Old Age Pensions: A Bottomless Pit?

Most of us don't really pay attention to pensions until we reach a certain age when we start looking at what we're going to do with our time after retirement (or a version thereof). Generally speaking, pensions are earned over the course of time working in Canada…and according to the current version of the Old Age Security Act…that time must be a minimum of 10 years before one can claim the pension once they reach the age of 65.

Say hello to Bill C-428, an Act to amend the Old Age Security Act aimed at reducing the wait time from 10 years to 3 years. The reason? "Whereas the current ten-year residency requirement places undue hardship on recent immigrants who are seniors in that they are unable to adequately access old age security benefits;" (taken from the pre-amble of Bill C-428) Essentially, this Act will enable those seniors who had the opportunity to earn an income in another country to now immigrate to Canada at the age of 62 versus 55 before claiming old age pension.

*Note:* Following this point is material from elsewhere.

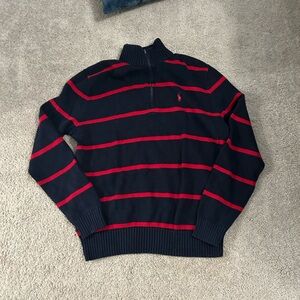 Ralph Lauren Navy and Red Striped Zip-Up Sweater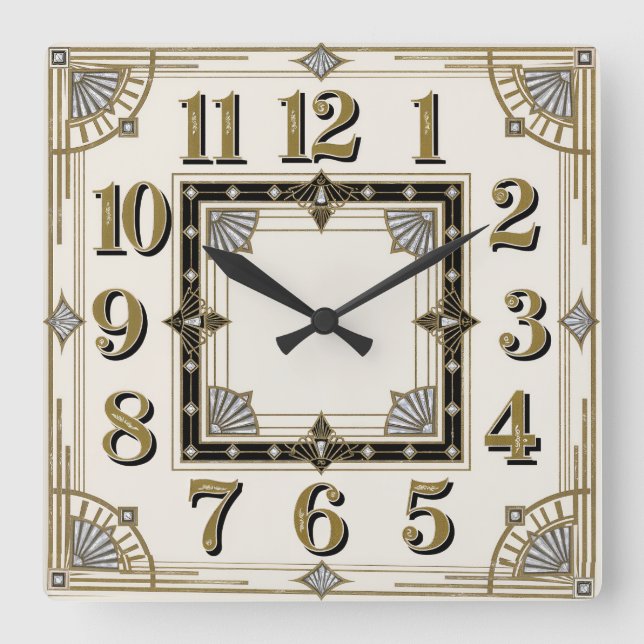Horloge Carrée Art Déco (Recto)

Excluding special circumstances, this new Act will essentially open a Pandora's Box of financial strain on the public coffers who contribute to the Pension Fund. We know that the reliance on immigrants is becoming more so, as Canada's birthrate is lagging it's death rate…putting the Country at risk of a dwindling population. The influx of well-educated immigrants has helped Canada continue its dominance in the Global marketplace. The gap in the proposed change to the Old Age Security Act is that it is specifically targeting immigrants who are seniors, thereby encouraging those in their senior years to immigrate to Canada for the sole purpose of receiving a pension without having to contribute.

For quite some time, Canadians (and the US for that matter), have grappled with innovative solutions to minimize the impending impact of the tsunami of Baby Boomers entering their retirement years. An article published in 2006 by Pierre Fortin, a professor of economics and associate of the Canadian Institute for Advanced Research, touched on some of these very real impacts based on the current economy in 2006. Since then we've hit quite the economical speed bump in 2008, which by all accounts should have encouraged policy makers to re-think future decisions…but I don't think the message has reached everyone. The message then was that "…in 2020 (baby boomers) will be 60 to 75 years old. Most of them will have begun their retirement. Just as they entered the job market en masse…they will leave it in large numbers between now and 2025…The consequence is obvious: Our governments will be cash-strapped!"

Instead of commencing with actions which would manage our own self-created strain on the pension fund, the Government is choosing to open up the wallet further to ease user access. When Bill C-428 was introduced into the House of Commons for its first reading on June 18th, 2009 it passed with little fan-fare. Due to the prorogation of Parliament, the Bill "…is deemed to have been considered and approved at all stages completed at the time of prorogation…" Now the Bill is getting some attention from those most affected by the risks of exposure of more pensioners drawing from the fund than what was originally thought.

The time is ripe for social media activism to weigh-in on the proposed Act. If you've got a bit of time to review the issue, and feel it's unfair or requires some tweaking, don't delay and act today.